Vieques Protesters Get Violent; Two Sailors Hurt
July 7, 2008 - 8:08 PM
(CNSNews.com) - Protesters brandishing steel bars and other hand-held scrap weapons injured two US sailors in a violent confrontation Tuesday over renewed training exercises on the Puerto Rican island of Vieques. Authorities arrested 162 demonstrators who tried to disrupt naval ship and air bombings on the island's training range, according to a US Navy official.
It was the largest demonstration, and the largest protest invasion, at Vieques. Opposition to the Navy's activities on the 21-mile-long island has unified native islanders and mainland pacifists as never before.
Wire services report that islanders say years of live bombing, including the use of napalm, have destroyed wildlife and fishing grounds, contaminated water supplies, impeded tourism and created what they say is a high cancer rate.
Islanders and protestors' objections came to a head last year when a civilian Puerto Rican security guard was killed on the range by two stray bombs, the first fatality in six decades of bombing at the training range.

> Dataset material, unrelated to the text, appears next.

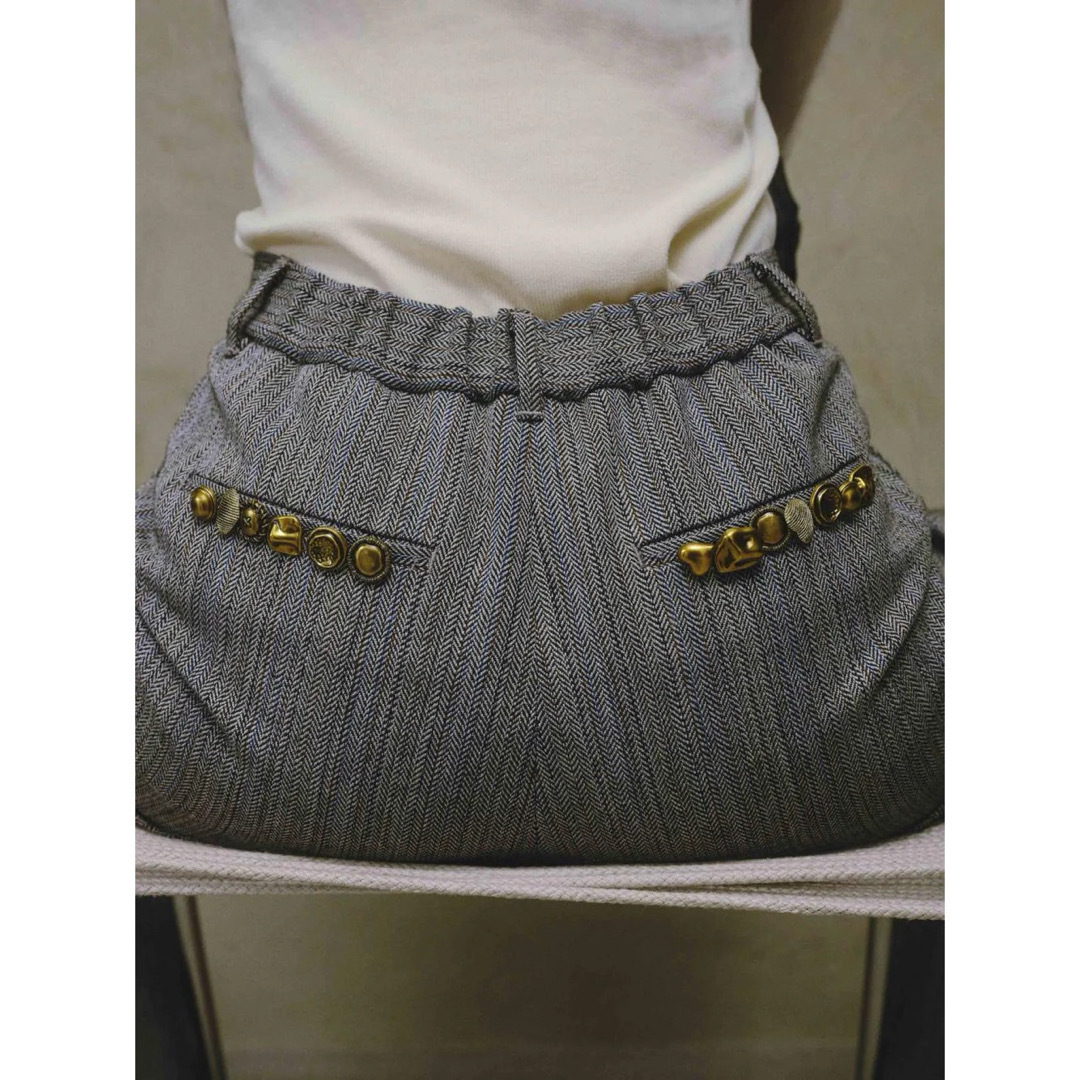 AMERI UND MANY MOTIF BUTTON PANTS カジュアルパンツ AMERI UND MANY MOTIF BUTTON PANTS カジュアルパンツ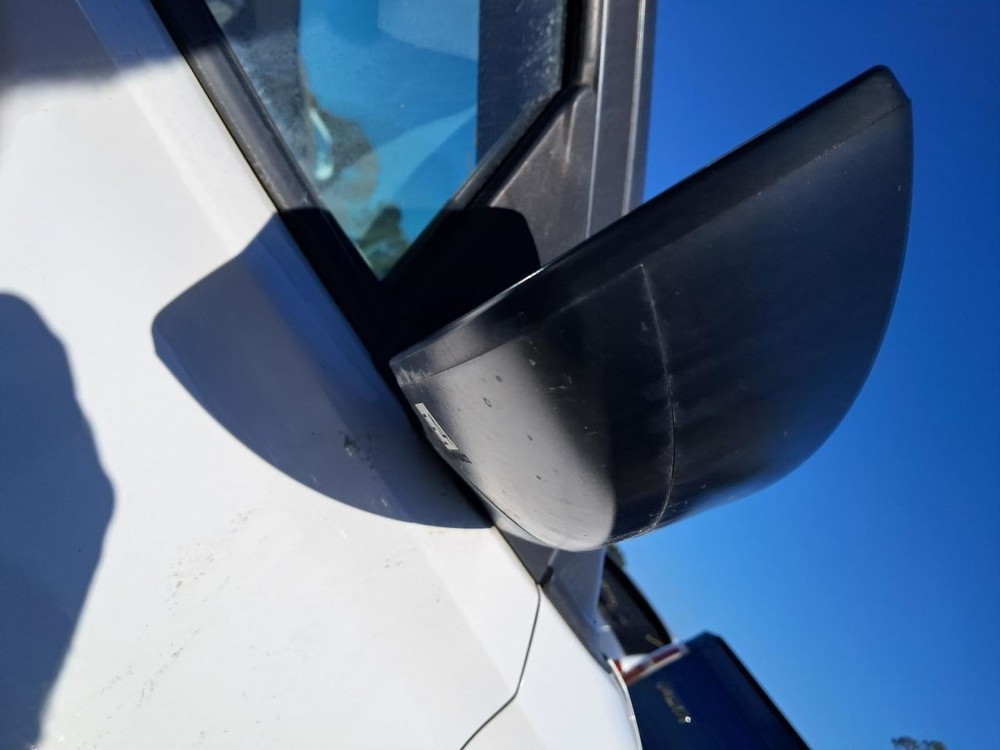 KICKS 2019 Glove Box 4824483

Dozens of protesters invaded the range and took turns camping there for a year before federal agents dislodged them in May, peacefully removing 224 protesters. After that, President Clinton ordered the Navy to resume limited training on Vieques using non-explosive bombs and shells.
The Navy disagrees with protesters' objections and insists that the opposition is coming from only a small minority of Puerto Ricans, most of whom don't live on Vieques.
The Navy says Vieques is the only place its Atlantic fleet can hold simultaneous land, air and sea exercises with live fire before deploying abroad.
This week's exercises will certify the George Washington Battle Group's combat readiness before a six-month tour of the Mediterranean and Persian Gulf. On Vieques itself, initial reaction to the start of bombing Sunday was surprisingly muted, perhaps reflecting the wear and tear of a year-long battle to oust the Navy from its Atlantic Fleet training ground.
Guards arrested one protester inside the target area Monday, temporarily disrupting ship-to-shore shelling. Five others were arrested on horseback outside the area.
Current exercises, which could run through July 2, are approximately 70 percent complete.
The Navy must abandon Vieques by May 2003 if Vieques residents vote to expel it in a referendum expected next year. If the Navy wins, it gets to use live munitions again.
Puerto Rican lawmaker Lourdes Ramos warned on Monday that the protests could jeopardize the referendum. But the San Juan Star Tuesday quoted Jeffrey Farrow, Clinton's adviser on Puerto Rico, as saying he did not see how the latest demonstrations could affect the accord.
Puerto Rican leaders said they would raise the Vieques issue at a Wednesday meeting with Clinton in Washington.